← Back to Reviews
 

A Taste of Honey


A Taste of Honey (Tony Richardson, 1961)


This is a touching, kitchen-sink, coming-of-age/ugly duckling story decked out in jazzy undertones by director Richardson and music composer John Addison. Rita Tushingham is wonderful in her debut as Jo, the teenage Manchester school girl who's never felt love from her oversexed mom (Dora Bryan). When she is ditched by her mom and her mom's latest younger lover (Robert Stephens), Jo heads back home where she encounters her "sorta boyfriend", black sailor Jimmy (Paul Danquah), and the two make love. Jo's mom subsequently moves out of the home, and Jimmy's ship leaves Manchester.

Jo goes to work at a shoe store and gets her own flat, but pretty soon, she finds that she's pregnant. Geoffrey (Murray Melvin), the young man who buys her first pair of shoes sold, becomes her pal, and even after Jo learns he's gay and he learns that she's pregnant, Geoffrey moves in with her and helps her by cooking and cleaning around the house. Jo begins to wonder if she should keep her baby, but Geoffrey volunteers to be her child's father and stay with her. Eventually Jo's selfish mom turns up again to complicate matters.

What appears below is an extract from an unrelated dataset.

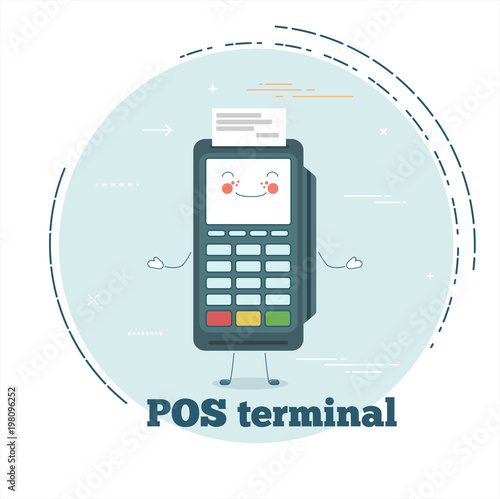 POS terminal concept in line art style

The most memorable things about the film to me are Rita Tushingham's big eyes. She seems to be a soul who has much to offer but has never found any way to channel it to her satisfaction. Most all of the acting is first-rate, including Dora Bryan's hateful mother who takes up with and gets dumped by a new man every year. Murray Melvin is equally fine conveying both shyness and true humanity. The script by playwright Shelagh Delaney and Richardson is equal parts comedy and drama, while Richardson uses an impressionistic visual-and-cutting technique which can occasionally romanticize the drab Manchester setting. It certainly doesn't sentimentalize anything, but Addison's playful music does seem to make the harsh truths the film offers a little easier to take in. This is still one of the better British films of the early '60s.